Problem requirements: Write the listing out again word for word, leaving each picture behind.

Material provided:
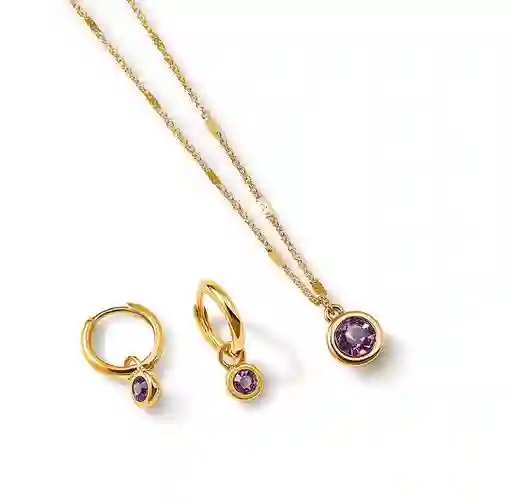 Set Collar + Aretes Amatista Febrero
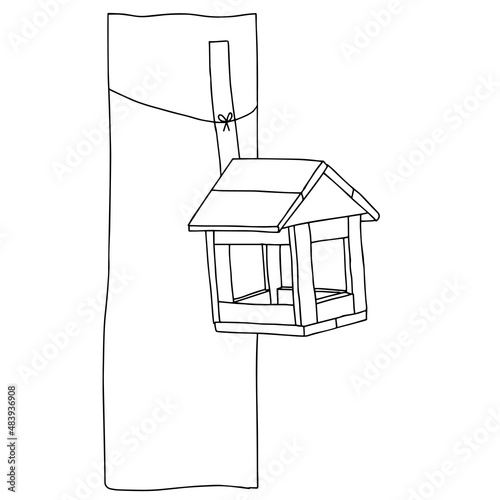 Black hand drawn outline vector illustration of A birdhouse or squirrel house for birds or squirrel from new boards is hanging on a tree isolated on a white background photo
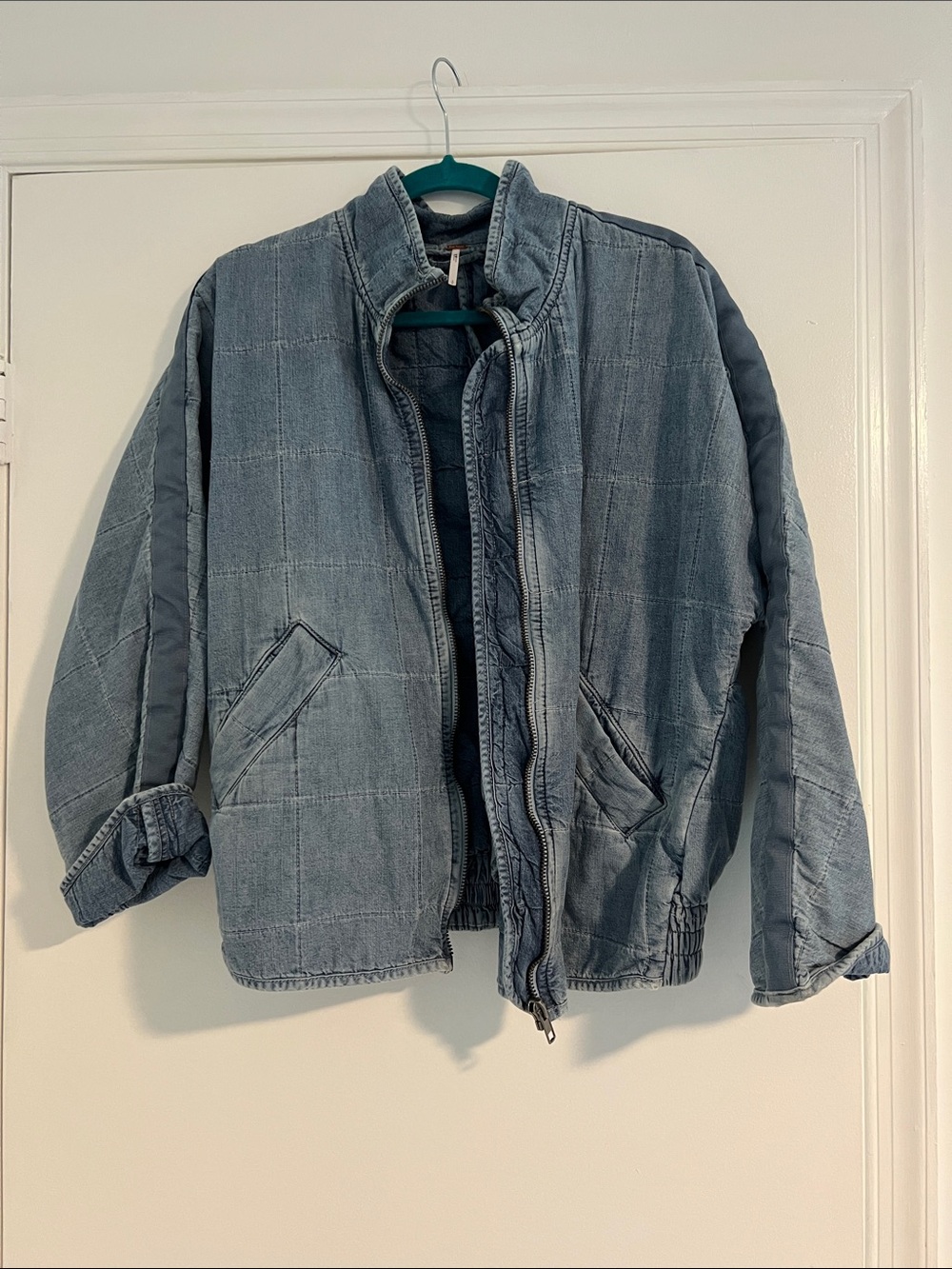 Free People Quilted Light Blue Bomber Jacket - Picture 6 of 11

Result of the task:
 Set Collar + Aretes Amatista Febrero
 Black hand drawn outline vector illustration of A birdhouse or squirrel house for birds or squirrel from new boards is hanging on a tree isolated on a white background photo
 Free People Quilted Light Blue Bomber Jacket - Picture 6 of 11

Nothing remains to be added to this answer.